I am pleased to share with you the following announcement about an exciting change of leadership for the Stephens College MFA in TV and Screenwriting program. Congratulations to the team and thank you for all of your hard work building an amazing program.
– Dr. Leslie Willey, Stephens College Vice President for Academic Affairs

Rmw profile 2019The Stephens College MFA in TV and Screenwriting  established in 2014, has named Dr. Rosanne Welch as the new executive director. Program founder and former director Ken LaZebnik will serve as Writer-in-Residence, while Khanisha Foster ’17, a graduate of the M.F.A. program, will serve as associate director. The program also features 15 faculty mentors and a rotating group of guest lecturers, all working writers, members of the Writers Guild and successful industry professionals.

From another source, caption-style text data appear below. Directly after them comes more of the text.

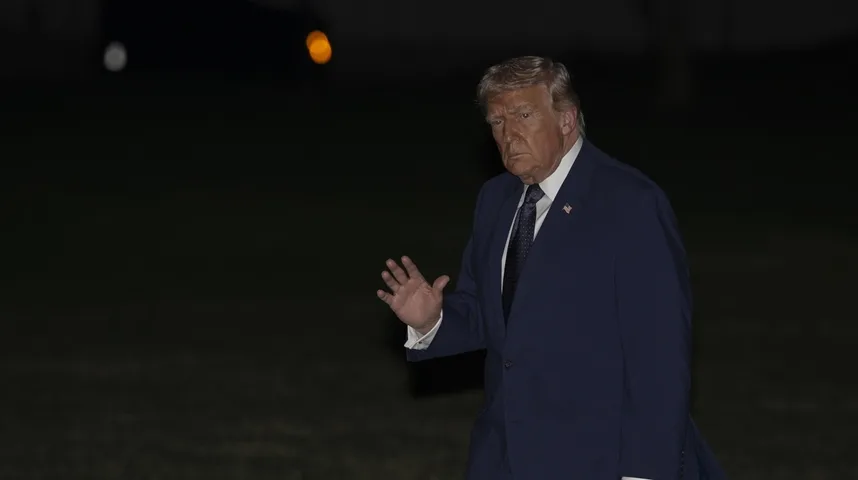 Donald Tramp u tamnoplavom odijelu podiže ruku u pozdrav.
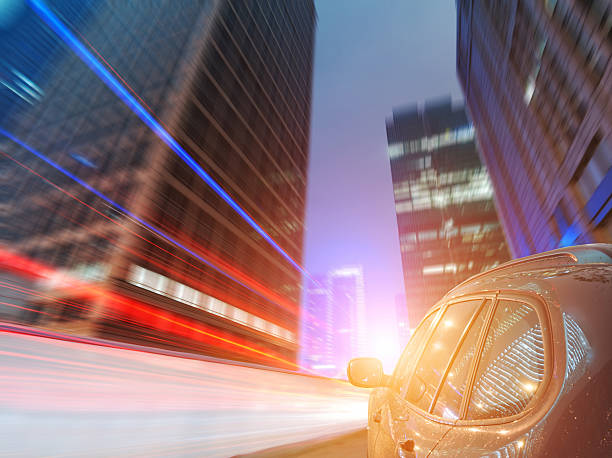 istock car driving on a motorway at high speeds 461051683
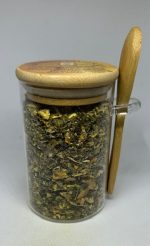 Organic Turmeric Ginger Tea in jar with wooden spoon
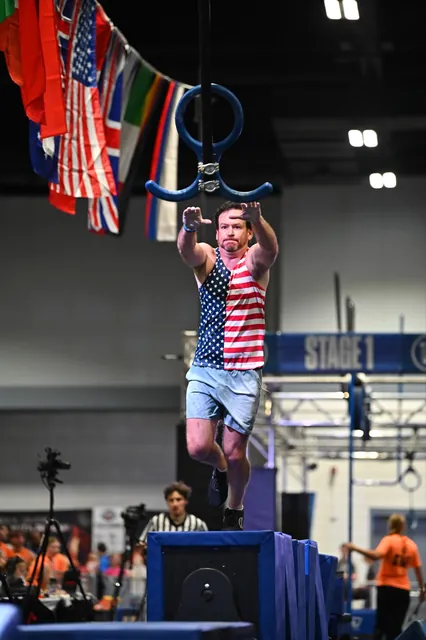 David Kiser in a stars-and-stripes tank leaping from a platform toward a hanging ring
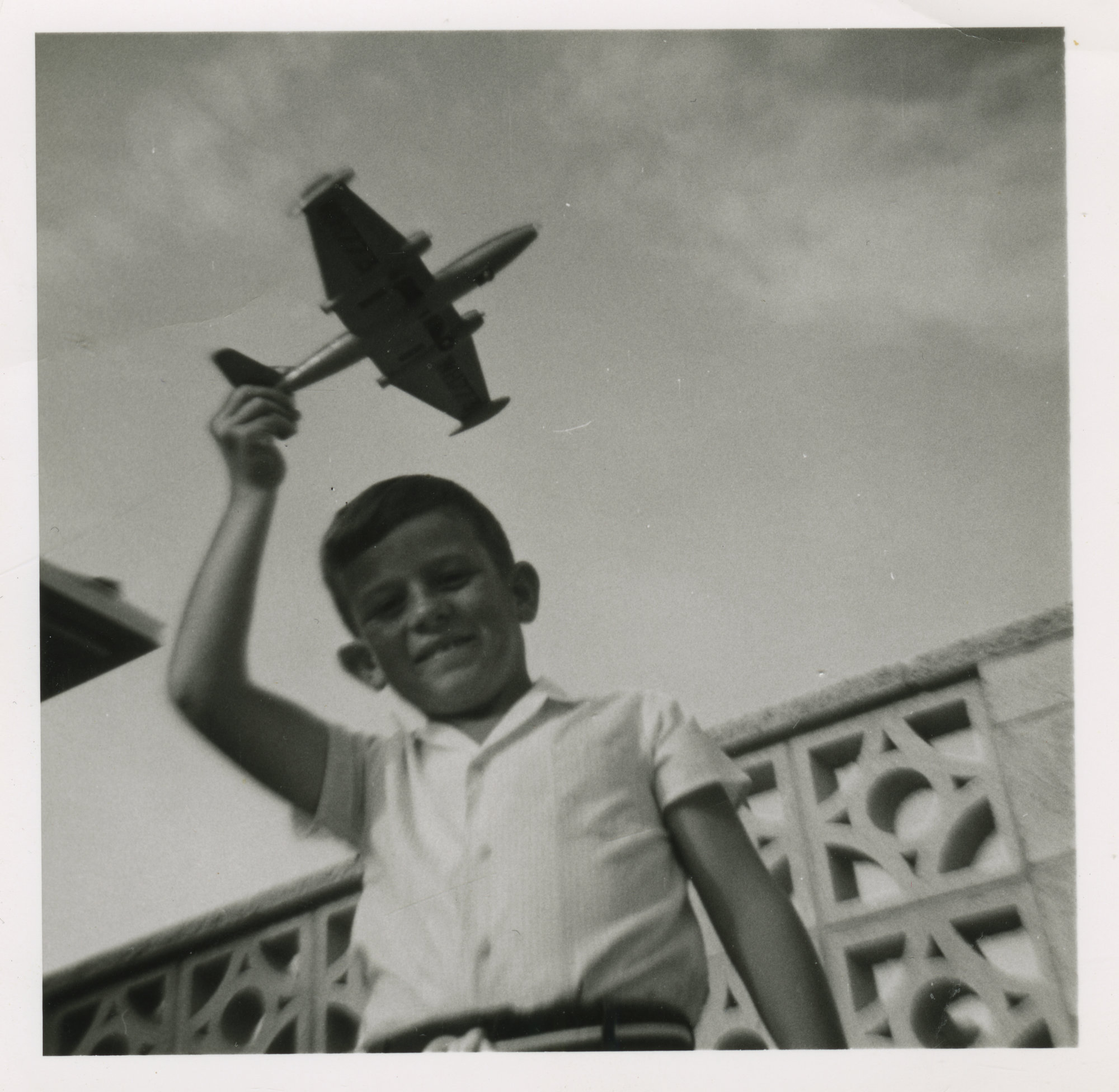 Harris family; John Harris with toy plane, Sandford St, Upper Hutt, c. 1968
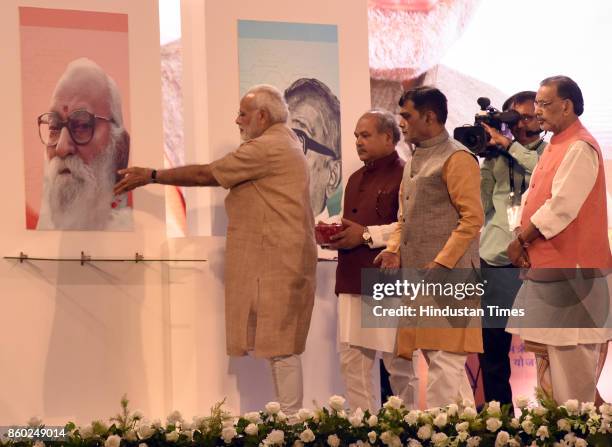 Prime Minister Narendra Modi pays tributes to Nanaji Deshmukh, Jaiprakash Narayan, with Union Minister of the State Government-Agriculture, Farmers...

Welch has served as a faculty member in the M.F.A. program since its start, creating a set of courses around the history of screenwriting, and teaching courses in one-hour drama. Her television writing credits include “Beverly Hills 90210,” “Picket Fences,” “ABC News: Nightline” and “Touched by an Angel.”

She edited “When Women Wrote Hollywood,” a book of essays published in 2018 that was named runner-up for the Susan Koppelman Award honoring the best anthology, multi-authored or edited book in feminist studies by the Popular Culture Association. She co-edited “Women in American History: A Social, Political, and Cultural Encyclopedia,” which was named to both the 2018 Outstanding References Sources List and the list of Best Historical Materials by the American Library Association, and authored “Why the Monkees Matter: Teenagers, Television and American Popular Culture.”

Welch serves as book reviews editor for the Journal of Screenwriting and on the editorial board for Written By magazine. She was elected to the executive committee of the International Screenwriting Research Network this year for a two-year term.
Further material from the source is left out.